Helmholtz Centre Potsdam
GFZ German Research Centre for Geosciences
Abstract (EDOC: 9076)
We employ P to S converted waveforms to investigate effects of the hot mantle plume on seismic discontinuities of the crust and upper mantle. We observe the Moho at depths between 13 and 17 km, regionally covered by a strong shallow intracrustal converted phase. Coherent phases on the transverse component indicate either dipping interfaces, 3-D heterogeneities or lower crustal anisotropy. We find anomalies related to discontinuities in the upper mantle down to the transition zone evidently related to the hot mantle plume. Lithospheric thinning is confirmed in greater detail than previously reported by Li et al., and we determine the dimensions of the low-velocity zone within the asthenosphere with greater accuracy. Our study mainly focuses on the temperature-pressure dependent discontinuities of the upper mantle transition zone. Effects of the hot diapir on the depths of mineral phase transitions are verified at both major interfaces at 410 and 660 km.

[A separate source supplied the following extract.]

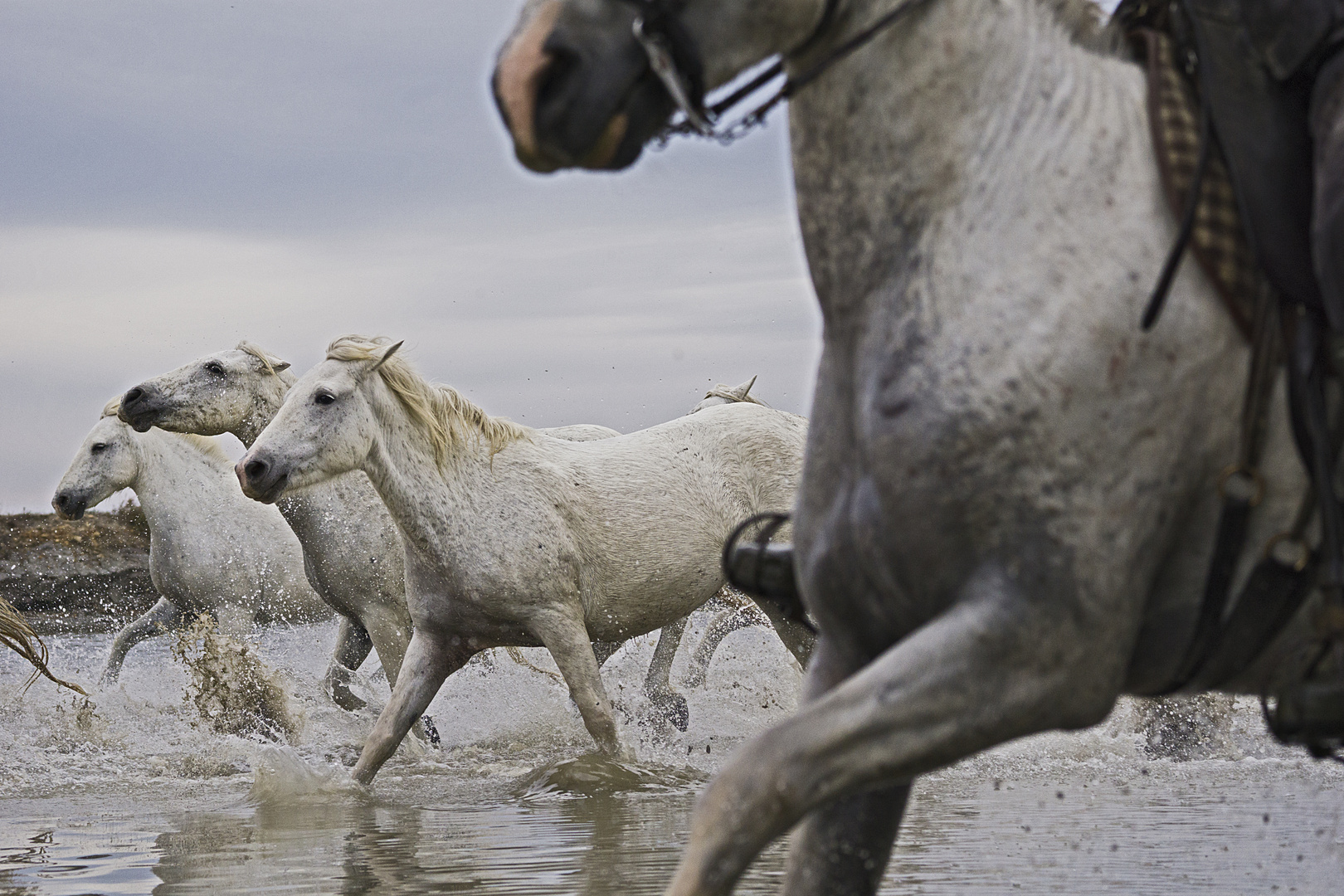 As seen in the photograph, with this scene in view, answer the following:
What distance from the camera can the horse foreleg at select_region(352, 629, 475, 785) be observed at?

We determine a plume radius of about 200 km at the 660 km discontinuity with a core zone of about 120 km radius. The plume conduit is located southwest of Big Island. A conduit tilted in the northeast direction is required in the upper mantle to explain the observations. The determined positions of deflections of the discontinuities support the hypothesis of decoupled upper and lower mantle convection.
(2006): Deep origin of the Hawaiian tilted plume conduit derived from receiver functions. Geophysical Journal International, 166, 2, 767-781.